EXERCISE DIRECTIONS: Shown below are entries with pictures; the line with "Willkommen beim BIO Weingut Friesenhengst" through the line with "Twisted ancient oak trees in Sherwood Forest" is the span to retype exactly, and the pictures stay out.

MATERIAL TO PROCESS:
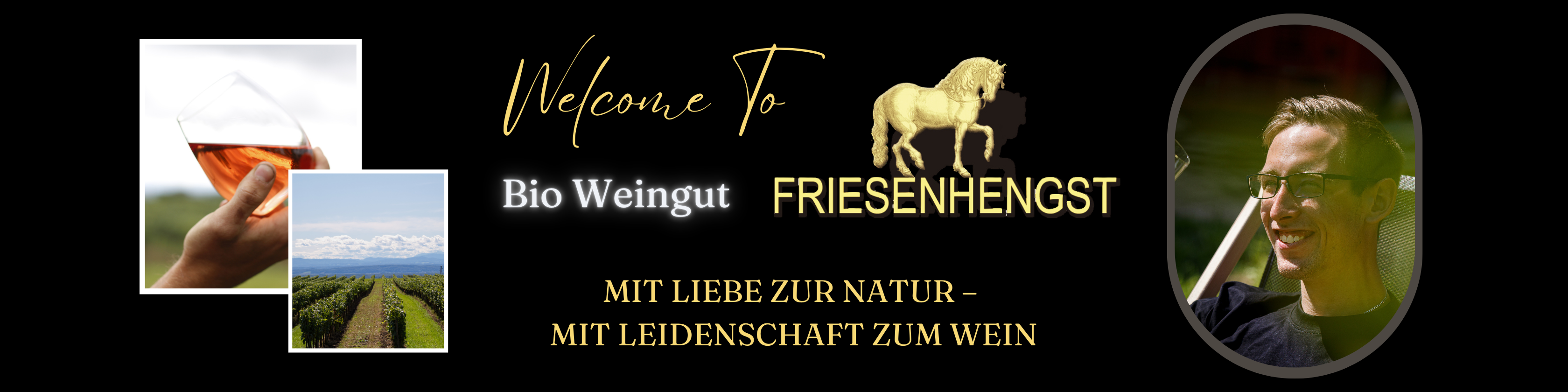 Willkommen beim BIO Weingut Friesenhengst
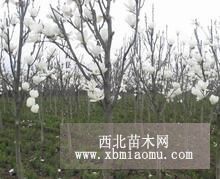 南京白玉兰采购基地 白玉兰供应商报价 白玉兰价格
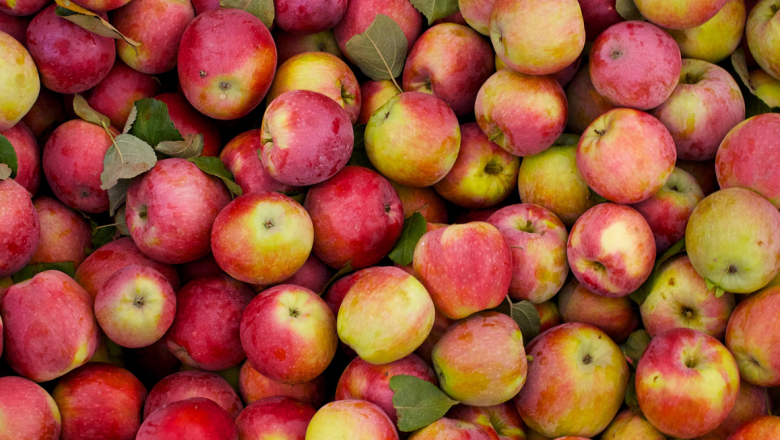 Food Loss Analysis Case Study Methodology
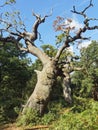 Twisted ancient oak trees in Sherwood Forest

---

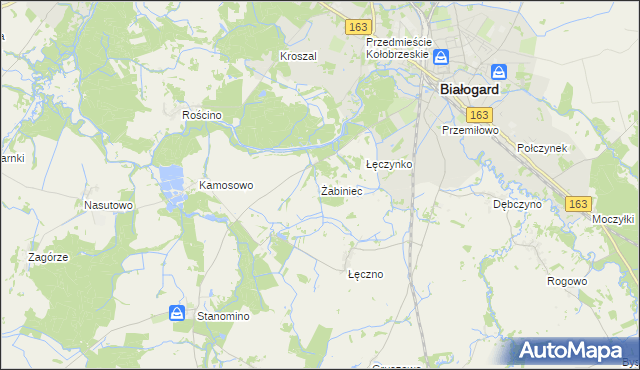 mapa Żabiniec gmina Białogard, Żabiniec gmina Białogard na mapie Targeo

OUTPUT FOR THIS TASK:
 Willkommen beim BIO Weingut Friesenhengst
 南京白玉兰采购基地 白玉兰供应商报价 白玉兰价格
 Food Loss Analysis Case Study Methodology
 Twisted ancient oak trees in Sherwood Forest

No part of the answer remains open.